Ahleuchatistas – Of the Body Prone – Tzadik

The Ahleuchatistas Trio scorch the eardrums, push musical boundaries to the breaking point and take musical language into unrecognizable areas.

Published on October 17, 2009

Ahleuchatistas – Of the Body Prone – Tzadik

Ahleuchatistas – Of the Body Prone – Tzadik TZA-CD-8066, 48:04 **** [Distr. by E1]:

(Shane Perlowin – guitar; Derek Poteat – electric bass; Ryan Oslance – drums)

North Carolina power trio Ahleuchatistas is not a band that is easy to pin down. The instrumental threesome meld progressive rock, free jazz, experimental avant-garde and impressionistic textures to create a unique sound. For want of a better definition, call it American Radical.

Over the course of 48 minutes on their fifth recording, Of the Body Prone, guitarist Shane Perlowin, bassist Derek Poteat and new drummer Ryan Oslance scorch the eardrums, push musical boundaries to the breaking point and take musical language into unrecognizable areas. Anyone familiar with the group’s previous output will find the same crosshatching of punk, grindcore, speed metal, improvisation and white-hot ambient. This time out, though, increased heights and coarser depths are reached due to the addition of Oslance as well as Perlowin’s recent decision to use effects including distortion, reverb, volume pedals, an Ebow and loops.

Jazz aficionados will probably appreciate tightly wound "Owls," which has a refined and tender side, although the restless rhythms and intricately skewed time signature makes sure listeners cannot sit back passively. This is thoughtful but sharpened material for people who want to examine music closely and become part of the experience. For those who prefer bracing punk jazz akin to John Zorn’s Naked City or Marc Ribot’s Ceramic Dog, the relatively short "Making the Most of the Apocalypse" has a distinct discord. Oslance’s drums skitter, stop-start-stop and otherwise broadly go where few beats go. Meanwhile, Perlowin blasts out shards of guitar deluge that are counterbalanced by unexpected six-string soundscaped impressions. There’s a tangible perception of tightness and looseness that flows through the piece.

Influences abound on the ten tracks and it makes for quite a game of one-upmanship for friends to guess or attempt to figure them out. "Why Can’t We Be In Jamaica?" is decidedly not reggae in construct or purpose. Due to Perlowin’s virtuoso guitar lines and a challenging non-standard groove – which is like The Red Hot Chili Pepper’s punk funk spun inside out – the tune manages to hint at but certainly not copy Captain Beefheart. The composition is serrated, irregular but apparently precisely written out.

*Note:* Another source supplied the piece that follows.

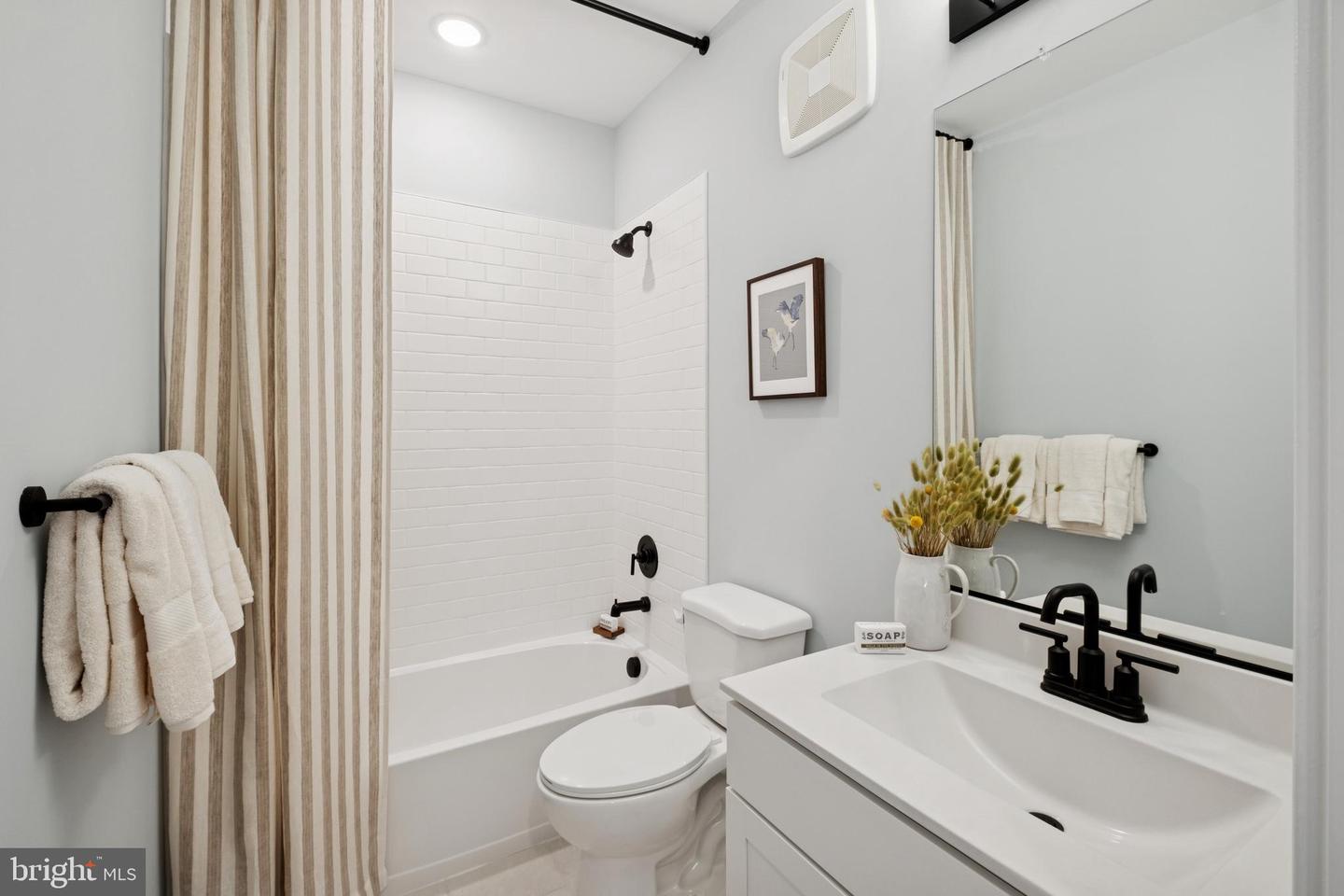 4813 BAUHAUS SQ #LOT 113, CHANTILLY, Virginia 20151, 3 Bedrooms Bedrooms, ,2 BathroomsBathrooms,Residential,For sale,4813 BAUHAUS SQ #LOT 113,VAFX2259206 MLS # VAFX2259206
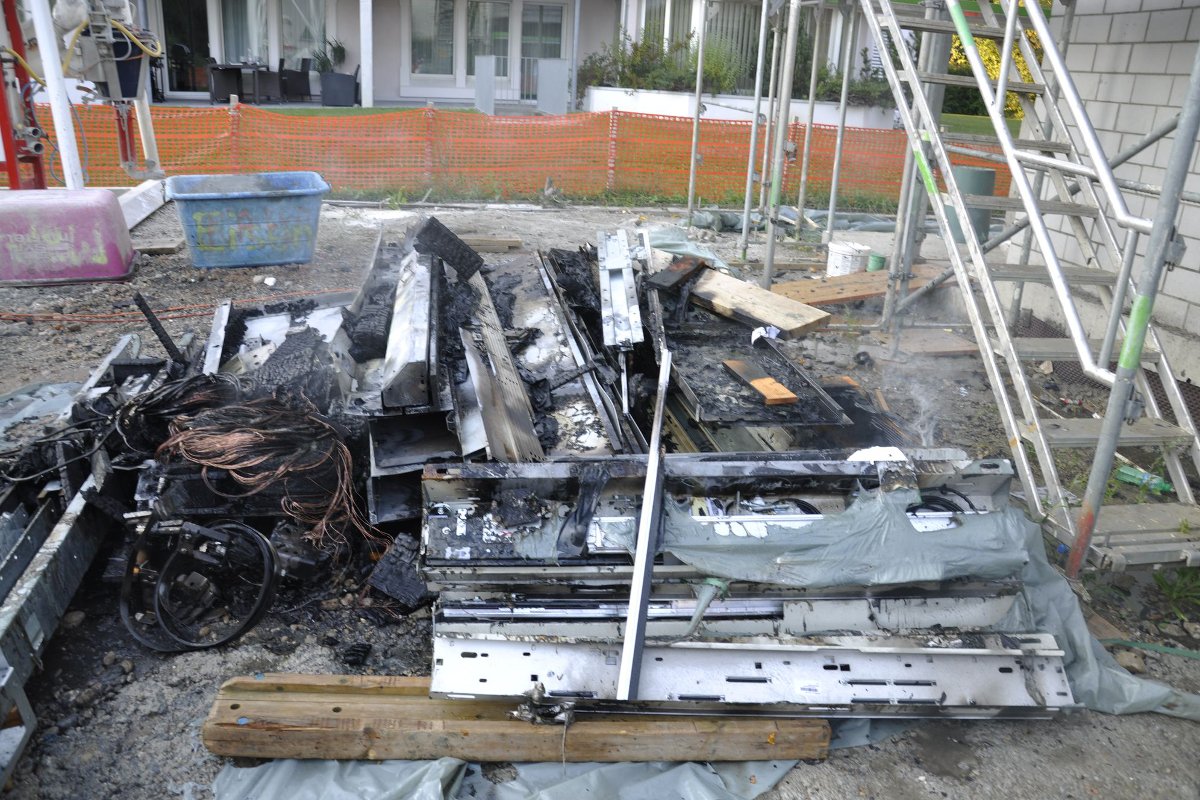 Feuer bei Baustelle in Derendingen gelegt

The shortest section, "Racing Towards the Hard Kernel," is a speed metal deviation that shares a resemblance to early Metallica and math-rockers such as Don Caballero with its pointedly etched velocity, heated/pleated guitar and pulverizing bass/drum beat down, which is highlighted by Poteat’s thick and rabid bass lines.

At the other end of the spectrum is spacious and ironically titled "Dancing With the Stars." Trying to bring this cryptic conception to a ballroom would be similar to dropping an anvil on a porcelain plate. The cut commences with sedated loops run through Perlowin’s effects pedals, then Poteat strings in scattershot bass bursts to add tension. About three minutes in, Oslance thoroughly swerves the song’s direction and it veers into a distended distortion terrain strikingly chromatic. "Dancing With the Stars" is a precursor of sorts for the anti-war discourse "Total Nightmare in a Deep Dive," replete with combat noises, Poteat’s abysmal and blaring bass, Perlowin’s shrapneled guitar and Oslance’s nearly obscured but skirmished drumming.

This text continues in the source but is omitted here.